Aku bagaikan kakek tua yang sedang melihat senja dan memikirkan, " Apakah selama 72 tahun ini aku benar-benar merdeka? " Inilah misteri kehidupanku. Banyak orang luar (Negara asing) berkata bahwa aku telah merdeka sebagai bangsa yang besar, namun aku merasakan sebaliknya. Kesesakan dalam dadaku senantiasa ku kubur dalam-dalam agar tak ada yang tahu. Semua seakaan tak peduli pada diriku yang telah menua dan tak sanggup lagi berbuat banyak. Keegoisan menggerogoti ragaku, ketamakan dan kebutaan akan harta menyelimuti jiwaku dan kelicikan memenuhi pikiranku. Bagaimana ini dapat terjadi dalam tubuhku yang renta ini? Aku semakin kurus ditengah lemak-lemak tubuhku yang semakin menumpuk. Aku dibutakan akan harta dan tahta sampai semua dikorbankan. Dasar dalam kehidupanku hanya menjadi kedok belaka yang membantuku naik tahta.

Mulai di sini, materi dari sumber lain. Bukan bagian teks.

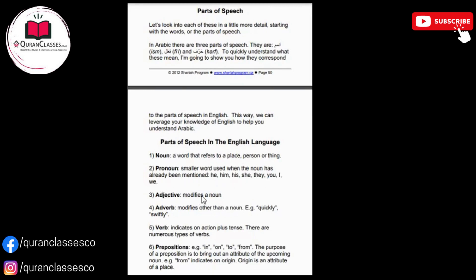Adjective modifies a noun. Adverb modifies other than a noun — quickly and swiftly. Verb indicates an action plus tense. There are numerous types of verb. Preposition: in, on, to, from. The purpose of a preposition is to bring out an attribute of the upcoming noun. From indicates origin. Origin is an attribute of a place.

Inilah kisah dalam tubuhku. Nuraniku tak lagi berjalan dan sulit untuk mengambil keputusan yang benar. Kuadili semua orang dengan seenaknya dan kuharapkan harta sebagai imbalan. Banyak yang menjadi korban karena ketamakanku ini. Suatu ketika, kuadili tangan (seorang anggota DPR). Aku tergiur akan emas dan berlian yang dikenakannya, sehingga kuupayakan hukuman teringan untuknya. Ia mendapatkan hartanya dengan memeras (KKN) jari-jari kecilnya (rakyat). Lemak-lemak segar mengalir kedalam pembuluhnya dan menumpuk di dalam celah-celah kulitnya. Di sisi lain aku pun pernah mengadili jari (Nenek Minah) yang mencuri singkong milik tetangga demi menyambung hidup. Kuadili dirinya dengan putusan yang bagiku tak adil (dipenjara 2,5 tahun). Penjara tangan dan jari bagaikan langit dan bumi, yang satu beralas lantai dan lainnya beralaskan kasur nan empuk. Tak habis-habisnya kurenungkan kesalahanku. Air mata menetes mengiringi memori yang membayangi kalbu. Ketika Dasar kehidupanku tak lagi berlaku, dan rasa kemanusiaan seakan lenyap tak bersisa.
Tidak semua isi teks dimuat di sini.